## [ASSIGNED TASK]
From the first line to the last, copy the data exactly.

Short descriptive text snippets:
———

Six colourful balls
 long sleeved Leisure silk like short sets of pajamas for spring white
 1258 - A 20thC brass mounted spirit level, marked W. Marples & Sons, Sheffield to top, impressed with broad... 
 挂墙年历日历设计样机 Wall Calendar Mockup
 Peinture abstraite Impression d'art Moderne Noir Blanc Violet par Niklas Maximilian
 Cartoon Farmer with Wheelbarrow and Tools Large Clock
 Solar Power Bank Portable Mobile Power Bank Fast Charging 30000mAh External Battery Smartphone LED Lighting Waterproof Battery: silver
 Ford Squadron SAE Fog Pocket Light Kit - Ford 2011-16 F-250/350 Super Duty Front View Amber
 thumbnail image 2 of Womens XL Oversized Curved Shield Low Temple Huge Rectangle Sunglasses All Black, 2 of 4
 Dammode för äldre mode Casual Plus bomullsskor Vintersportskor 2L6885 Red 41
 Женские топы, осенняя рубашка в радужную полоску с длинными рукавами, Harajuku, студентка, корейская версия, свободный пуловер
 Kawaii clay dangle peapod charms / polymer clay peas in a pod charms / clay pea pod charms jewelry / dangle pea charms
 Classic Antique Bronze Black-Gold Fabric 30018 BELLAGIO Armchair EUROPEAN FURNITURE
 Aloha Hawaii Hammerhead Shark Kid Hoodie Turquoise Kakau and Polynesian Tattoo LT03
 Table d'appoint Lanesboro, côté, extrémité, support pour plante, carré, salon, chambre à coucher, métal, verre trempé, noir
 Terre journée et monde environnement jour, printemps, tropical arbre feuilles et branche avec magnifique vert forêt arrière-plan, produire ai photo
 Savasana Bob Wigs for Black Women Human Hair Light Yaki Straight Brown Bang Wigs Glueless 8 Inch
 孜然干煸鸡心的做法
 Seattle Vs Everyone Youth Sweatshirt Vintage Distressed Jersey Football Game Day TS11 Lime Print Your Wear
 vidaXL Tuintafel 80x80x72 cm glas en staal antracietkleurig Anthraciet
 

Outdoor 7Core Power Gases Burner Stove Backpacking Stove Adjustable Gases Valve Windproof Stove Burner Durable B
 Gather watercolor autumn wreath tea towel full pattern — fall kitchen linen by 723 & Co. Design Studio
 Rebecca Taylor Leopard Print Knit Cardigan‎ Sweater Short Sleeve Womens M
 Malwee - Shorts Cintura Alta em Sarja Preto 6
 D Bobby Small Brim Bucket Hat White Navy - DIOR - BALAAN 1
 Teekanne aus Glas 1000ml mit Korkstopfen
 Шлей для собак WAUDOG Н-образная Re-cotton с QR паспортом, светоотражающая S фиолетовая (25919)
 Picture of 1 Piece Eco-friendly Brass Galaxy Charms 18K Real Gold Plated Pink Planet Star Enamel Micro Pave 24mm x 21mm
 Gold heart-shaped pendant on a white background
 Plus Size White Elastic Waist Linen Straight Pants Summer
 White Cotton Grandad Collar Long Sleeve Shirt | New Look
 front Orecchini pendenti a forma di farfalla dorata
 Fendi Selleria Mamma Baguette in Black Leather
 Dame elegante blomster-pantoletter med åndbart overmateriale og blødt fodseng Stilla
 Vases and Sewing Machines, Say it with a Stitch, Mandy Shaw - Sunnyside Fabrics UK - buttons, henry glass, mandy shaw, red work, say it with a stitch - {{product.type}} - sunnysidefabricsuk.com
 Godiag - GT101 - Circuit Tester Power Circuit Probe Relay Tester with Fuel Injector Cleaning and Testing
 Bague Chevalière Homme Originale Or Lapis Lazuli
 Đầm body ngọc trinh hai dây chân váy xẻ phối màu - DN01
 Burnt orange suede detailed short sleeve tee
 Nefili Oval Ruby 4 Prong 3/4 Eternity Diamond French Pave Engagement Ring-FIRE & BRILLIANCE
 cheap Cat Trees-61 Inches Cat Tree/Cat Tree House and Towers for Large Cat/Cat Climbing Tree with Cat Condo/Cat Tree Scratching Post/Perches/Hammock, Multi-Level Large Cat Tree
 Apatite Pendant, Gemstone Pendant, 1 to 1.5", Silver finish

———

## [SOLUTION TO THIS EXERCISE]
Six colourful balls
 long sleeved Leisure silk like short sets of pajamas for spring white
 1258 - A 20thC brass mounted spirit level, marked W. Marples & Sons, Sheffield to top, impressed with broad... 
 挂墙年历日历设计样机 Wall Calendar Mockup
 Peinture abstraite Impression d'art Moderne Noir Blanc Violet par Niklas Maximilian
 Cartoon Farmer with Wheelbarrow and Tools Large Clock
 Solar Power Bank Portable Mobile Power Bank Fast Charging 30000mAh External Battery Smartphone LED Lighting Waterproof Battery: silver
 Ford Squadron SAE Fog Pocket Light Kit - Ford 2011-16 F-250/350 Super Duty Front View Amber
 thumbnail image 2 of Womens XL Oversized Curved Shield Low Temple Huge Rectangle Sunglasses All Black, 2 of 4
 Dammode för äldre mode Casual Plus bomullsskor Vintersportskor 2L6885 Red 41
 Женские топы, осенняя рубашка в радужную полоску с длинными рукавами, Harajuku, студентка, корейская версия, свободный пуловер
 Kawaii clay dangle peapod charms / polymer clay peas in a pod charms / clay pea pod charms jewelry / dangle pea charms
 Classic Antique Bronze Black-Gold Fabric 30018 BELLAGIO Armchair EUROPEAN FURNITURE
 Aloha Hawaii Hammerhead Shark Kid Hoodie Turquoise Kakau and Polynesian Tattoo LT03
 Table d'appoint Lanesboro, côté, extrémité, support pour plante, carré, salon, chambre à coucher, métal, verre trempé, noir
 Terre journée et monde environnement jour, printemps, tropical arbre feuilles et branche avec magnifique vert forêt arrière-plan, produire ai photo
 Savasana Bob Wigs for Black Women Human Hair Light Yaki Straight Brown Bang Wigs Glueless 8 Inch
 孜然干煸鸡心的做法
 Seattle Vs Everyone Youth Sweatshirt Vintage Distressed Jersey Football Game Day TS11 Lime Print Your Wear
 vidaXL Tuintafel 80x80x72 cm glas en staal antracietkleurig Anthraciet
 

Outdoor 7Core Power Gases Burner Stove Backpacking Stove Adjustable Gases Valve Windproof Stove Burner Durable B
 Gather watercolor autumn wreath tea towel full pattern — fall kitchen linen by 723 & Co. Design Studio
 Rebecca Taylor Leopard Print Knit Cardigan‎ Sweater Short Sleeve Womens M
 Malwee - Shorts Cintura Alta em Sarja Preto 6
 D Bobby Small Brim Bucket Hat White Navy - DIOR - BALAAN 1
 Teekanne aus Glas 1000ml mit Korkstopfen
 Шлей для собак WAUDOG Н-образная Re-cotton с QR паспортом, светоотражающая S фиолетовая (25919)
 Picture of 1 Piece Eco-friendly Brass Galaxy Charms 18K Real Gold Plated Pink Planet Star Enamel Micro Pave 24mm x 21mm
 Gold heart-shaped pendant on a white background
 Plus Size White Elastic Waist Linen Straight Pants Summer
 White Cotton Grandad Collar Long Sleeve Shirt | New Look
 front Orecchini pendenti a forma di farfalla dorata
 Fendi Selleria Mamma Baguette in Black Leather
 Dame elegante blomster-pantoletter med åndbart overmateriale og blødt fodseng Stilla
 Vases and Sewing Machines, Say it with a Stitch, Mandy Shaw - Sunnyside Fabrics UK - buttons, henry glass, mandy shaw, red work, say it with a stitch - {{product.type}} - sunnysidefabricsuk.com
 Godiag - GT101 - Circuit Tester Power Circuit Probe Relay Tester with Fuel Injector Cleaning and Testing
 Bague Chevalière Homme Originale Or Lapis Lazuli
 Đầm body ngọc trinh hai dây chân váy xẻ phối màu - DN01
 Burnt orange suede detailed short sleeve tee
 Nefili Oval Ruby 4 Prong 3/4 Eternity Diamond French Pave Engagement Ring-FIRE & BRILLIANCE
 cheap Cat Trees-61 Inches Cat Tree/Cat Tree House and Towers for Large Cat/Cat Climbing Tree with Cat Condo/Cat Tree Scratching Post/Perches/Hammock, Multi-Level Large Cat Tree
 Apatite Pendant, Gemstone Pendant, 1 to 1.5", Silver finish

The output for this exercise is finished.